Recorded data:
_ _ _

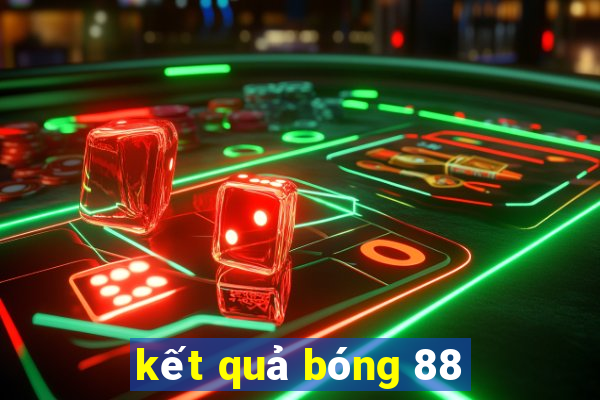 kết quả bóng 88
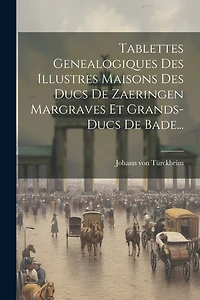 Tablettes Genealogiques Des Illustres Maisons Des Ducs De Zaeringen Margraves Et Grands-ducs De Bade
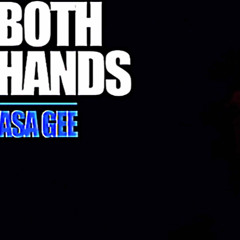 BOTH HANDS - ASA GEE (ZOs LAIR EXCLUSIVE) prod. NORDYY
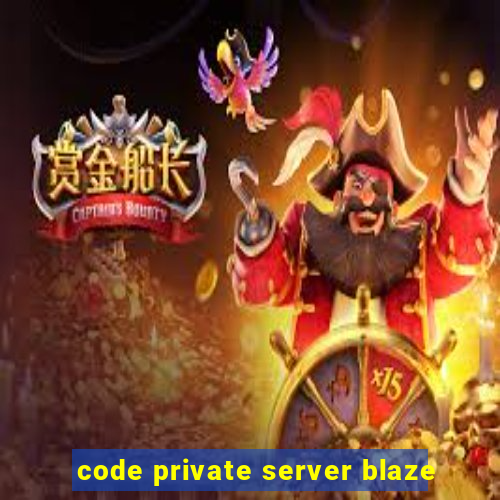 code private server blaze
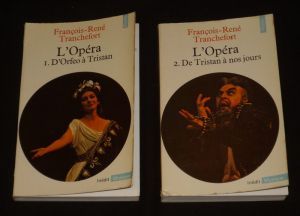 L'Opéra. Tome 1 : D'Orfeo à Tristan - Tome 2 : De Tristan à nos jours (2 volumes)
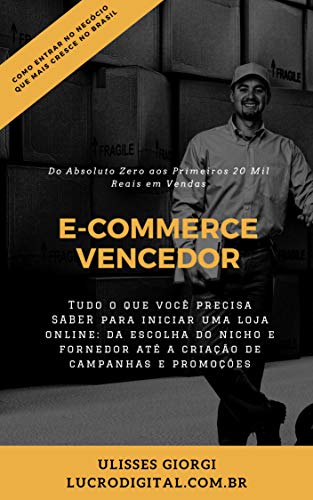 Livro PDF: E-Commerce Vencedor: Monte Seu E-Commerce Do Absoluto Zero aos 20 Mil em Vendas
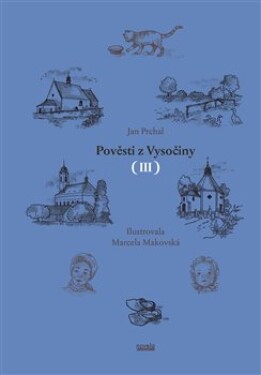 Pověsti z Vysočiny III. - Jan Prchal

_ _ _

- TASK INSTRUCTIONS -
The answer must be a word-for-word copy of all the entries, containing no pictures.

- TASK SOLUTION -
 kết quả bóng 88
 Tablettes Genealogiques Des Illustres Maisons Des Ducs De Zaeringen Margraves Et Grands-ducs De Bade
 BOTH HANDS - ASA GEE (ZOs LAIR EXCLUSIVE) prod. NORDYY
 code private server blaze
 L'Opéra. Tome 1 : D'Orfeo à Tristan - Tome 2 : De Tristan à nos jours (2 volumes)
 Livro PDF: E-Commerce Vencedor: Monte Seu E-Commerce Do Absoluto Zero aos 20 Mil em Vendas
 Pověsti z Vysočiny III. - Jan Prchal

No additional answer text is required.